One disciplined sequence, start to finish. Every earlier chapter is one of these links.

What each link actually taught

Data and universe come first, because every statistic downstream inherits their flaws. We limited the search to liquid, F&O-eligible stocks in the same sector - which gives them an economic reason to move together - and used historical adjusted closes from our research universe (corrected for splits and dividends), with the survivorship limits already acknowledged. That is not the same as a full point-in-time institutional database. The closing price is the right price to learn from: one clean, comparable, auction-settled number per stock per day, exactly what a cointegration test wants. But it is the wrong price to trade at: you cannot transact at an adjusted close, and your real fill lands on the next bar. Holding both ideas at once is the discipline the whole course is built on.

Cointegration, not correlation, is the entry exam. These two sound similar but are not. Correlation measures whether two stocks move together day to day. Cointegration is a stronger, longer-run idea: each price wanders on its own, but a particular combination of them stays tied together, as if by an invisible elastic band. Across 75 same-sector pairs, the rank correlation between return-correlation and the cointegration p-value - where a small value is good evidence the pair is genuinely tied - was -0.04, statistically indistinguishable from zero. The most correlated pair in the table drifted apart and never came back. Weaker-correlated pairs reverted cleanly. Screen on the wrong one and you keep picking spreads with no centre of gravity.

Finding pairs without fooling yourself is mostly a defence against your own search. Run a cointegration test over hundreds of pairs and a handful will pass at 5% by pure luck. It is the same trap that makes 90% of unrelated random walks - prices that are just today's value plus noise, with no home to return to - look "significant" when you compare their levels. The honest screen starts from an economic reason to pair two stocks, controls the false-discovery rate (the share of your "winners" that are flukes), and treats any low p-value pulled from a big scan as a hypothesis, never a discovery.

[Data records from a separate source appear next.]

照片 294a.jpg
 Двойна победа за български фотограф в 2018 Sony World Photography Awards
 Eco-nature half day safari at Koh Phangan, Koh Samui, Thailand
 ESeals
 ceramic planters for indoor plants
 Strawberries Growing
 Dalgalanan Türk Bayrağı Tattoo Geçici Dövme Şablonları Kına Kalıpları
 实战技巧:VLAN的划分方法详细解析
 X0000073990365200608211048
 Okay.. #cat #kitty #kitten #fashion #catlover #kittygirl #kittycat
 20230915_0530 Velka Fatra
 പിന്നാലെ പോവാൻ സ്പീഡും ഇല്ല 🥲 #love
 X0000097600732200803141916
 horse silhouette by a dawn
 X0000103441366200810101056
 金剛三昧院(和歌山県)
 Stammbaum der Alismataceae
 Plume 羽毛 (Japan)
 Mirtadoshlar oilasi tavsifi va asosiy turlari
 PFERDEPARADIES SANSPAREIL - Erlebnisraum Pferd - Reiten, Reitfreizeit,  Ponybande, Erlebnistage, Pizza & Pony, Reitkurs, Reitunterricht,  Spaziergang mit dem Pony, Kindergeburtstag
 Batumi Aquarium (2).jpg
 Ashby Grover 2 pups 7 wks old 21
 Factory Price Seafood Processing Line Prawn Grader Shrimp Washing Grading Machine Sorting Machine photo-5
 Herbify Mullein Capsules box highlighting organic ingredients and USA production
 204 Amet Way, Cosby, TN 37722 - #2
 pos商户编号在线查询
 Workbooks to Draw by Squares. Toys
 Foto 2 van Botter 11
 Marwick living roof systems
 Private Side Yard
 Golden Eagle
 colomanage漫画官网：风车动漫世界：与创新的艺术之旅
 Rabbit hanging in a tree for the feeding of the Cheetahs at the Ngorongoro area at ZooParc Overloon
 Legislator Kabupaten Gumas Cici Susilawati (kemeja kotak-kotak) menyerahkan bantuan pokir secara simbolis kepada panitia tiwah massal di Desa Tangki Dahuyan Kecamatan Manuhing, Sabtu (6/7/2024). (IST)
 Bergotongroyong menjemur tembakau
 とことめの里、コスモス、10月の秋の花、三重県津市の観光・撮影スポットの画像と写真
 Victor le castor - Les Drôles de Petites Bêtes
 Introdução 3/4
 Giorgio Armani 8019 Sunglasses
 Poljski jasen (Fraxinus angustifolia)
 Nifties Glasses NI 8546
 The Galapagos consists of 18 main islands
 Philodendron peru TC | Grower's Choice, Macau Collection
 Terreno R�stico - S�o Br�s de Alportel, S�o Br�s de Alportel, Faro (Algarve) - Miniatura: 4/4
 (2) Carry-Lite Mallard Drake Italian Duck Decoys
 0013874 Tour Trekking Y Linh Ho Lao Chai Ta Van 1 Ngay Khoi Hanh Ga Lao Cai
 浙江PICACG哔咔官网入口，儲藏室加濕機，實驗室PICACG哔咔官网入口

Spread and signal is the only step that is genuinely mechanical. You estimate a cointegrating hedge ratio - how many units of one stock to trade against the other so their shared market moves cancel - rather than using the raw price ratio, which silently assumes that ratio is one. You build a trailing rolling z-score - how many standard deviations the spread sits from its own recent average - sized to the spread's own half-life, the time a deviation takes to shrink by half. Then a four-zone rule: enter in a band, exit at the average, hard-stop beyond it, always filled on the next bar, never the same one. Built cleanly, this prints a gorgeous curve on the data it was tuned on. On HDFCBANK against KOTAKBANK: +98% gross at a 0.99 Sharpe, a 72% hit rate, and zero stops triggered. Every number true - in that window, in-sample, and gross, meaning before trading costs. None of it a forecast.

The honest scorecard

Then comes link five, where most ideas die and where the course earns its keep. We took every tempting in-sample result out of sample, subtracted realistic NSE costs on two legs traded twice, and asked whether the relationship was even stable. Here is the whole arc on one page.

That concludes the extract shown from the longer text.